一度家中の某の家に嫁入りするも性格が合わなかったためか離縁。元の家に返される。
ところが本家では既に両親が死亡し、弟が家督を継いでいたおり、出戻りの娘という事もあって本家ではかなり肩身の狭い思いをしたらしい。
その半年程後、三左衛門の妻女の睦江が死病に犯されてから理尾は自らの意思で兼見家を訪れ、睦江の看病を行う。もともと、母親が早くに無くなった事もあり、睦江とは仲がよかったらしい。
そして睦江が病没してからは彼女に代わり、理尾が兼見家の家事を一任するようになった。


無口ながらも頑なな性格であり、三左エ門はその性格が原因で離縁になったのでは無いか、と見ている。
容貌は十人なみ以上で家事も上手く嫁力は高い。因みに三左エ門に対する呼称は「おじさま」。かわいい。いじらしい。結婚したい。


三左エ門が元同僚の保科に頼み込み、かなりの良縁を整えてもらうも、既に三左エ門を慕っていた理尾は結局この縁談を拒否。三左エ門との道ならぬ恋に落ちる事となる。
バレたら色々とヤバい為、三左エ門の提案で理尾は所用を偽って遠くの村へと隠れ住む事となる。いつか迎えに行くという三左エ門の言葉を信じて。


○津田民部
藩で中老の役につく武士。34歳。
端正な顔立ちで中背のイケメン。密かに慕う女性も多いらしい。まだ若輩ながら筆頭家老の矢部と組んで執政会議を回しているとも、矢部を隠れ蓑に会議を掌握し、実際に藩政を左右ているとも噂される才者。
隼人正からの襲撃に備えるため、無役で逼塞していた三左エ門を近習頭取へと推薦する。


○帯屋隼人正
家老。五千石取り。藩主右京太夫とも血縁があり、「別家」と尊称される帯屋家の現当主。
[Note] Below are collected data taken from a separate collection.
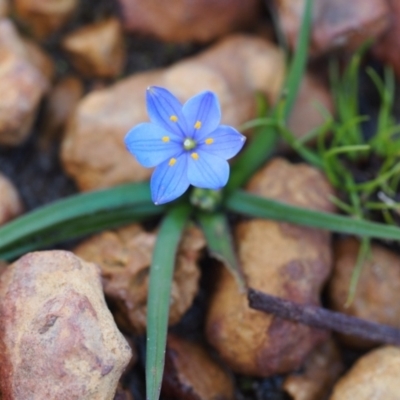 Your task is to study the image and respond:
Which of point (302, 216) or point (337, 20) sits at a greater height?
point (337, 20)

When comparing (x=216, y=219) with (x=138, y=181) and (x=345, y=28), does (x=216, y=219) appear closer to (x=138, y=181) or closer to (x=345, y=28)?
(x=138, y=181)

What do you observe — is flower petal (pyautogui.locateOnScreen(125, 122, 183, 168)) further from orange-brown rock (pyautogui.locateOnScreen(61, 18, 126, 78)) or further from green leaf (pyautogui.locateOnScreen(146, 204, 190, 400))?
orange-brown rock (pyautogui.locateOnScreen(61, 18, 126, 78))

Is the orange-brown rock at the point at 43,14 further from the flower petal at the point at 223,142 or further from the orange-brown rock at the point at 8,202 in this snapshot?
the flower petal at the point at 223,142

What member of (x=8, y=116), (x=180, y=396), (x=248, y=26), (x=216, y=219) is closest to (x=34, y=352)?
(x=180, y=396)

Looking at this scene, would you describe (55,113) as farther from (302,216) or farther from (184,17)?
(302,216)

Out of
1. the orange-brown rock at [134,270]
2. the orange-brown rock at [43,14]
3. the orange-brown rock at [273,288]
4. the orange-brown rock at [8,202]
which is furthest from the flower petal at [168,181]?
the orange-brown rock at [43,14]

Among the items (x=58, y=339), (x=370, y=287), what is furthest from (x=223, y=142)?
(x=370, y=287)

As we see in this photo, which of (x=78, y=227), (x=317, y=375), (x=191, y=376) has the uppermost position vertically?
(x=78, y=227)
46歳。
藩主の愛妾蓮子に入れ知恵され失政を犯した際、唯一藩主と争った人物。然しそんな彼でさえ、愛妾の事には触れられず、失政を叱咤したのみであった。


帯屋家はもともと、赤石郡内に領地を持つ土豪であったが、海坂藩に初代藩主が封じられた際に召し出され、五千石という破格の禄で知行を許された家系であった。その背景には、赤石郡内の民衆の強い支持があったと言われ、今でも帯屋家は赤石郡内に強い影響力を持つ家である。
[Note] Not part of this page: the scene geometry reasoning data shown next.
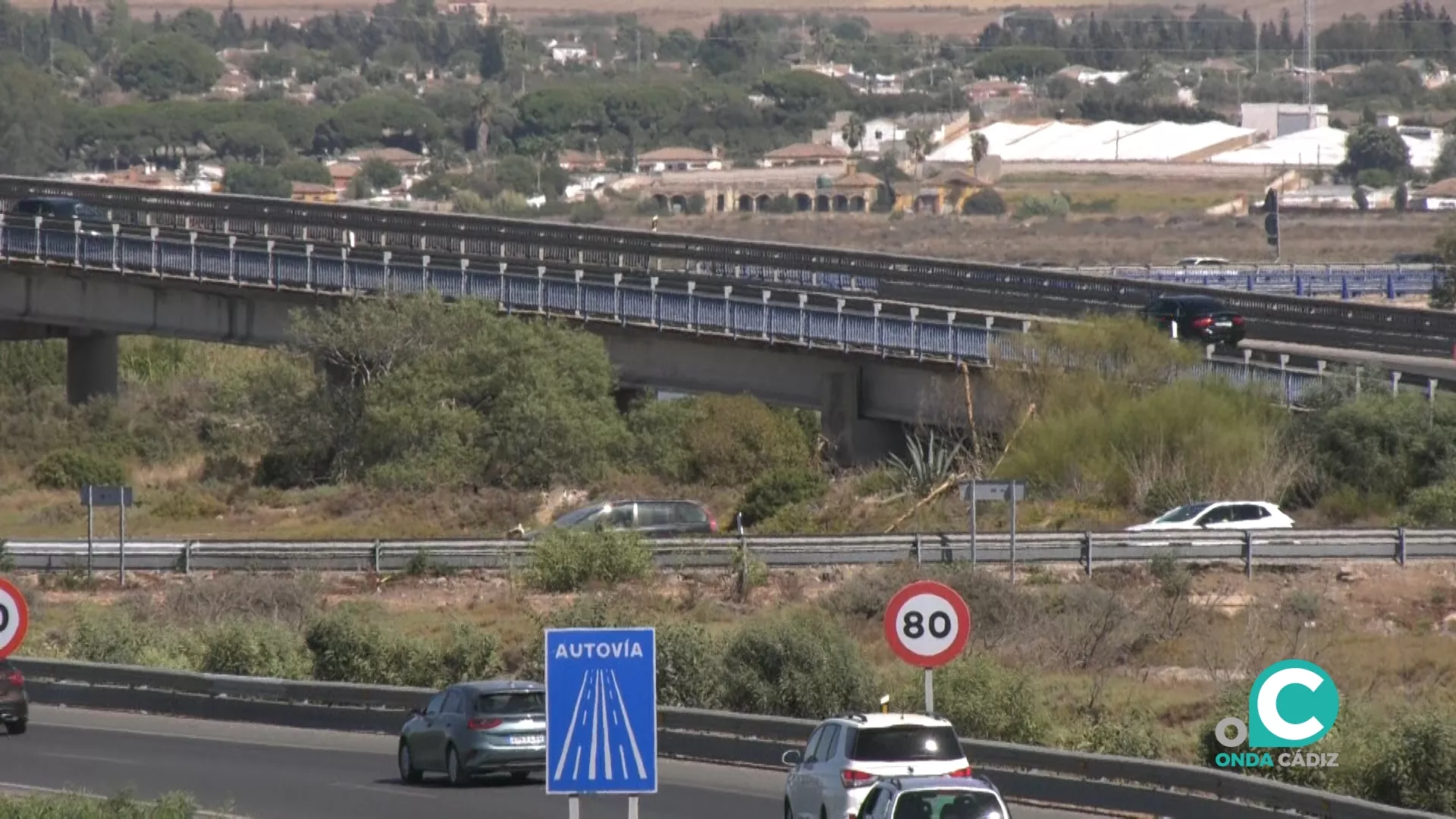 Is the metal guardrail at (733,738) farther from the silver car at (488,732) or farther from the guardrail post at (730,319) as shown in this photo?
the guardrail post at (730,319)

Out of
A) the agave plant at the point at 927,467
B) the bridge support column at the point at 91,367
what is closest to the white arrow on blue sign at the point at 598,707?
the agave plant at the point at 927,467

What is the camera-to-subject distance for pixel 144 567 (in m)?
43.8

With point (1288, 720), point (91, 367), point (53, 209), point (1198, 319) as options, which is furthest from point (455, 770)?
point (53, 209)

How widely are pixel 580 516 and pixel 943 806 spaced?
28.4 meters

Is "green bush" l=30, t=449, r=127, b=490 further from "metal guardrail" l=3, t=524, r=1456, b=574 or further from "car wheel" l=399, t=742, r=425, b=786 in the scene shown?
"car wheel" l=399, t=742, r=425, b=786

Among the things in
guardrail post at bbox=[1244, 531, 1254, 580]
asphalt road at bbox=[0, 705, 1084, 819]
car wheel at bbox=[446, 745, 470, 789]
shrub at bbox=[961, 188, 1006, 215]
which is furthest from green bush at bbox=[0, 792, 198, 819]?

そんな事情もあり、藩主家は帯屋家と早くから交流を結びその協力をとりつけながらも、一方で手強い政敵として常に帯屋家の力を削ぐ事に腐心していた。
実際、帯屋の血が薄くなった時には藩主家との縁組を進める事で実質的な乗っ取りを行おうともしているが、不思議なことに例え元藩主家であっても帯屋家の家督を継ぐ際には反藩主の急先鋒となっていた。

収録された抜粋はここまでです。